Son corps n'est que souffrance, et voilà dix ans aujourd'hui que ça dure : Yannick Le Clerc, 48 ans, papa d'Almeric, 26 ans, et de Garance, 24 ans, est paralysé des deux jambes, sa moelle épinière disloquée, conséquence d'un accident dont il fut victime en 2012, sur la piste du karting de Démouville. C'était le 2 septembre, un dimanche. "Ce jour-là, dit Yannick qui nous a reçus chez lui avec Nadège son épouse à ses côtés, ma vie a basculé."
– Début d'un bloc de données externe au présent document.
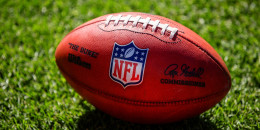 A close up view of a Wilson The Duke game football on the field during the second quarter of a game between the Denver Broncos and the Washington Commanders at Empower Field at Mile High on September 17, 2023 in Denver, Colorado. 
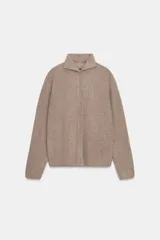 Chaqueta de punto confeccionada en lana, con cuello subido, manga larga y cierre frontal con botones. Presenta un acabado con efecto cepillado.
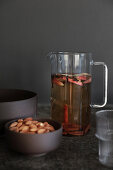 Glass carafe of mulled wine with apples and cinnamon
Militaire, il a travaillé à l'Élysée
Yannick Le Clerc, militaire qui fut un temps en poste au Palais de l'Élysée en charge des télécommunications et des interventions audiovisuelles du président de la République - à l'époque de Nicolas Sarkozy -, s'essayait alors à la mini-moto sur la piste de karting à Démouville. "C'est là, quand j'étais gamin, que j'allais déjà piloter une moto-cross. En ce temps-là, ce n'était encore qu'un terrain vague." Le cale-pied de sa machine s'est pris dans les pneus de protection qui délimitent le pourtour de la piste. La moto s'est arrêtée net, d'un coup, et lui a été projeté en avant, se fracassant la tête contre l'un des pylônes de la structure.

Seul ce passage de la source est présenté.